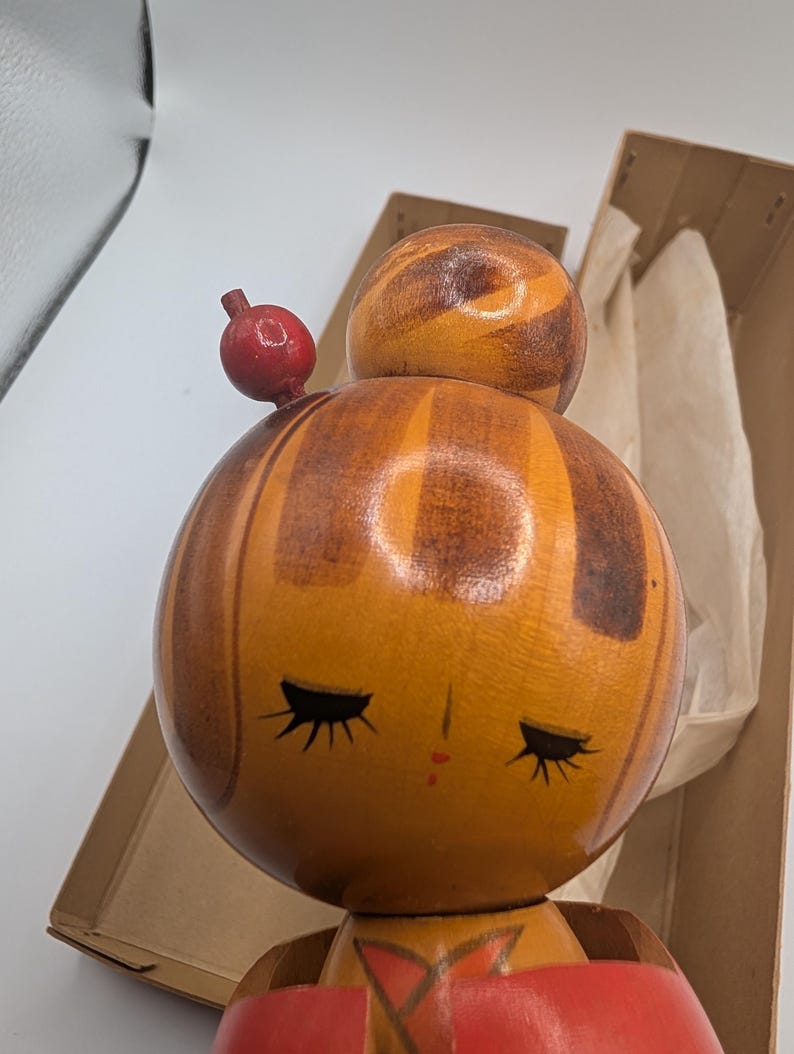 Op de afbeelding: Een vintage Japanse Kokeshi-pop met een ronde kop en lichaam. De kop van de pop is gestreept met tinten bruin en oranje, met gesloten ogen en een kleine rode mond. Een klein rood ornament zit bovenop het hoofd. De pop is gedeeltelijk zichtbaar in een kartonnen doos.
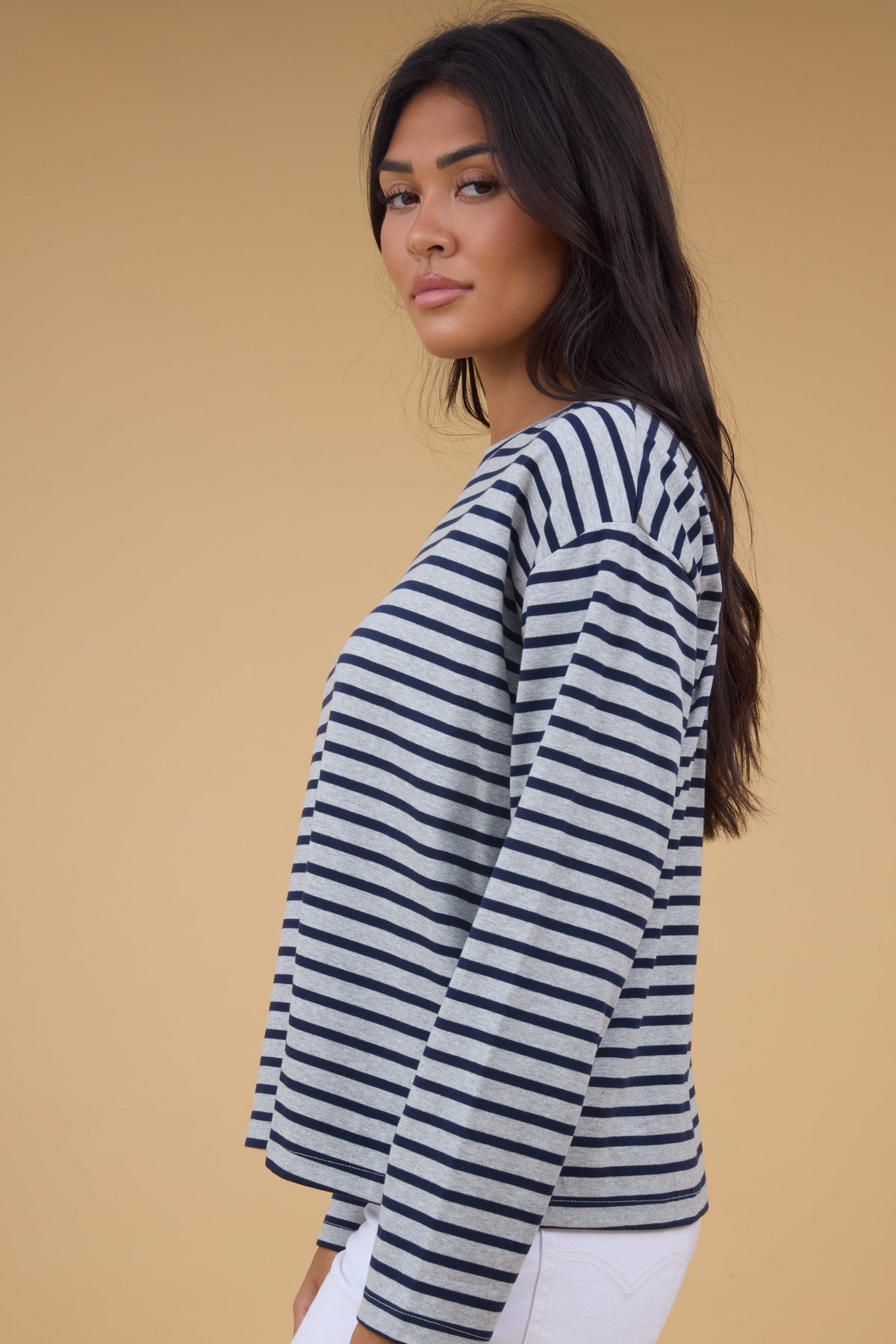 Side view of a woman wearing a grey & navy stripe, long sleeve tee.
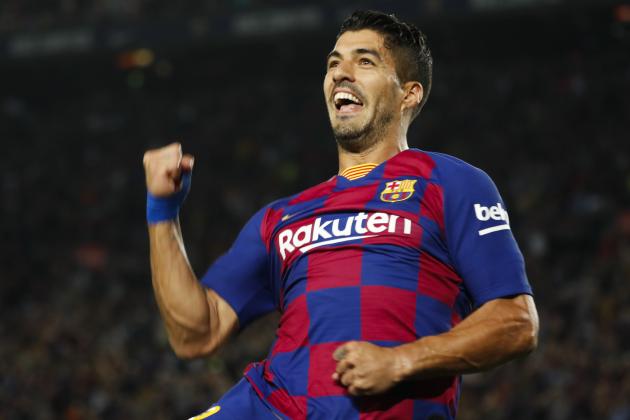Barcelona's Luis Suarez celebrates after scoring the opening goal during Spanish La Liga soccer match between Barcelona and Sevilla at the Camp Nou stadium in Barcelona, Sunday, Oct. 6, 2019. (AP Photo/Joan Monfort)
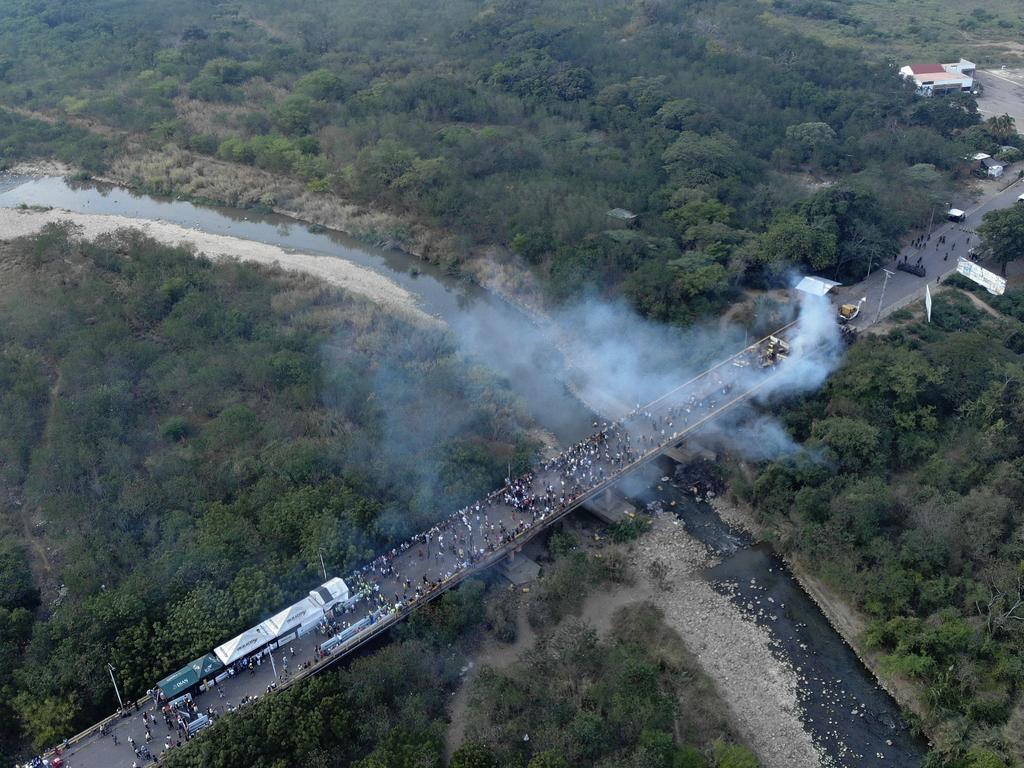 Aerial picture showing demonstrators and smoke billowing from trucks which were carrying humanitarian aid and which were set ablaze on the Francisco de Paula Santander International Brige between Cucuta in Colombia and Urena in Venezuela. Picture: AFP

......

Copy nothing but the lines from the top of the data down to the line containing "Barcelona's Luis Suarez", and leave the pictures out.

 Op de afbeelding: Een vintage Japanse Kokeshi-pop met een ronde kop en lichaam. De kop van de pop is gestreept met tinten bruin en oranje, met gesloten ogen en een kleine rode mond. Een klein rood ornament zit bovenop het hoofd. De pop is gedeeltelijk zichtbaar in een kartonnen doos.
 Side view of a woman wearing a grey & navy stripe, long sleeve tee.
Barcelona's Luis Suarez celebrates after scoring the opening goal during Spanish La Liga soccer match between Barcelona and Sevilla at the Camp Nou stadium in Barcelona, Sunday, Oct. 6, 2019. (AP Photo/Joan Monfort)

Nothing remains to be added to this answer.